Me
despiertan los días desde un sonido agudo y estridente. Es el repiqueteo de un
reloj que recuerda que hay que volver del sueño y del olvido. Y enseguida
comprendo que el sonido lo es todo o casi todo. Es la articulación fecunda en
la palabra de quien comparte espacio tiempo a tu lado, el instrumento excelso
para cifrar el pensamiento y darlo a conocer a quien lo escucha, en ese
fenómeno sublime de la comunicación. Pero es también el ruido suave de la
puerta cuando la cierro con cuidado para no molestar a los vecinos.
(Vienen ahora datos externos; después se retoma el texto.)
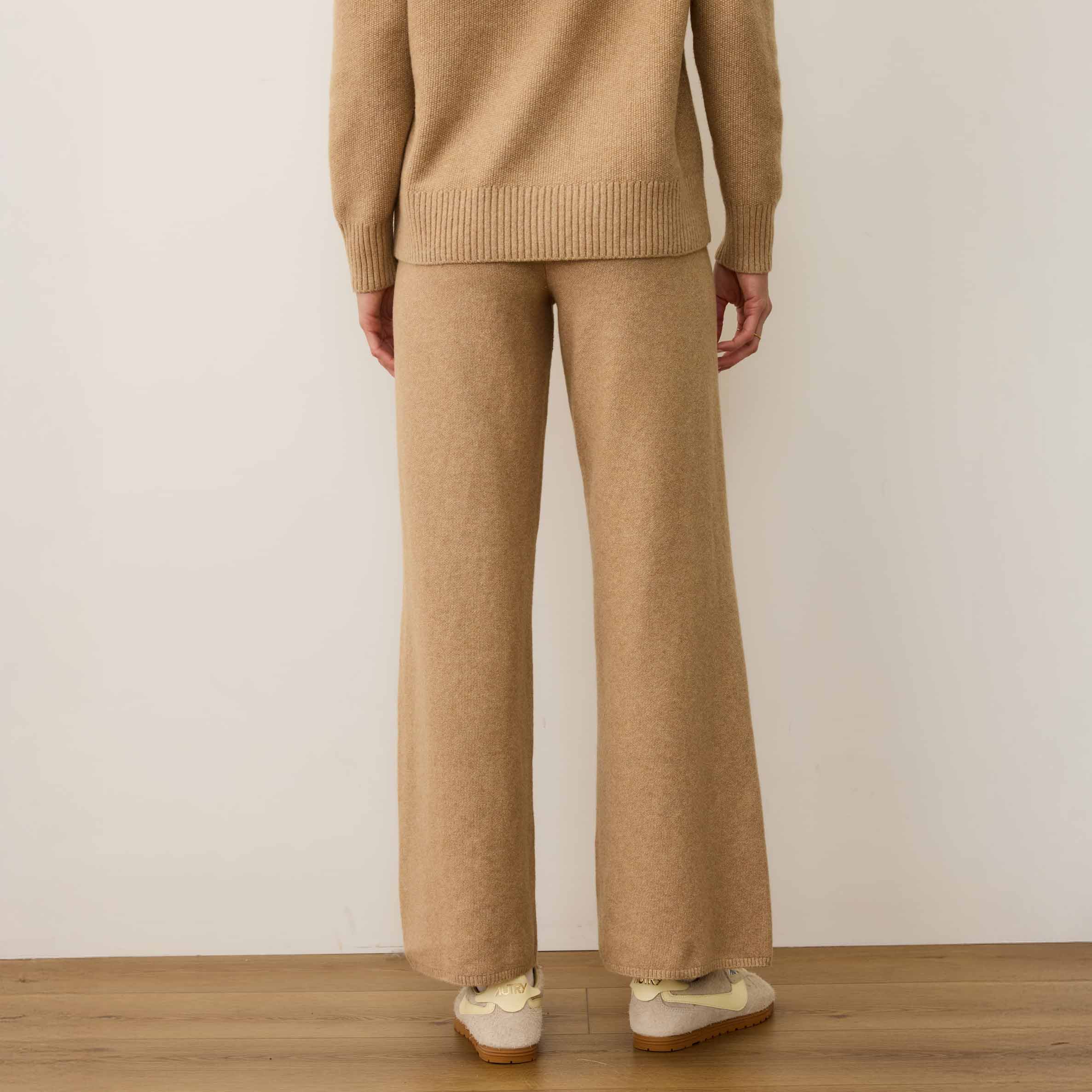 Marine Layer Women's Chalet Knit Pants - Image 3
Y lo es el
ascensor que gruñe en su sala de máquinas mientras me baja hasta la calle. Allí
descubro el suave recorrido del viento perezoso, y el sonido del motor de algún
coche que marcha presuroso, como si tuviera miedo de no llegar a tiempo a
ningún sitio. Las gentes a esas horas no levantan el tono y se mueven como en
el reino del susurro, mientras llevan a los niños al colegio. El parque es más
sonoro en el otoño; y no por los transeúntes, sino por esas hojas que crujen en
el suelo cuando paseo sobre ellas, ya frutos del cansancio y rendidas al césped
y al humus más sencillo. Qué hermoso es ese ruido tan continuo, qué armonía y
qué tonos.
Después
llega la risa de algún niño montado en bicicleta, que prefiere pedales a
pisadas para ir hasta la estación de autobuses; y ya desde tan niños: qué
conciencia tan alta de sí mismos, y qué placer el mío viéndolos diminutos en
sus bicis.
Me
voy hacia los campos, huyendo del asfalto y de los ruidos. Pero la huida es
falsa, porque hay ruidos por todas las esquinas. La carretera ruge en sus vehículos,
la Fuente del Regajo canta su melodía eterna, ajena a los horarios y a las
luces, y continúa el sonido del viento entre los árboles. Algunos vuelven ya de
sus paseos y dialogan serenos y tranquilos cuando me cruzo con ellos. Hacen
repique contra el suelo las últimas castañas que se rinden al suelo, abiertos
los erizos, y lagrimean las hojas con gotas de rocío entre sus venas. La Fuente
del Lobo parece darle réplica a la del Regajo aunque es más desigual en su
caudal y por ello en su música; ella da vida al paraje callado y solitario, que
evoca los calores del verano, ahora ya tan lejanos. Algún perro ladra y
juguetea entre los árboles buscando cualquier cosa entre las ramas. Y siempre
están los pasos del caminante y su eterna melodía que se acompasa al ritmo de
su respiración y a ese latido tenue que sigue dando ritmo y sensación de vida
con el sonido tenue. Los pájaros se suman al concierto con sus trinos ya débiles
y también espaciados. Con ellos y el sonido de alguna regadera, que encauza el
agua por el bosque, se puede dar espacio a los caminos de la imaginación y el
pensamiento.
Entonces
es la hora de los otros sonidos más intensos: la soledad sonora, el orden
expresivo de los sentimientos, la armonía de las ideas y hasta el canto de las
sensaciones más densas. Si hay compañía se comparte la música de la articulación
de las palabras; si el caminante va solo, habla consigo mismo, se desdobla en su
otro y entiende cómo canta la belleza del mundo natural, cómo expresa con
fuerza la energía de sus notas y cómo lo envuelve en su infinita melodía.
Cuando
el paseante vuelve a casa, ya anda lleno de sonidos, de música en sinfonía, de
coros de alegría, de sones y de ecos, de murmullos, silbidos y rumores. Es el
momento de aislarse y de ir hacia sí mismo, a escuchar con atención los sonidos
de los libros o de sus pensamientos y de entender que todo se manifiesta en el
sonido, en la música callada y en el silencio si uno sabe escucharlo. El mundo
entero es una sinfonía en la que hay que actuar de espectador atento y de intérprete
afinado para que suene bien y cante siempre.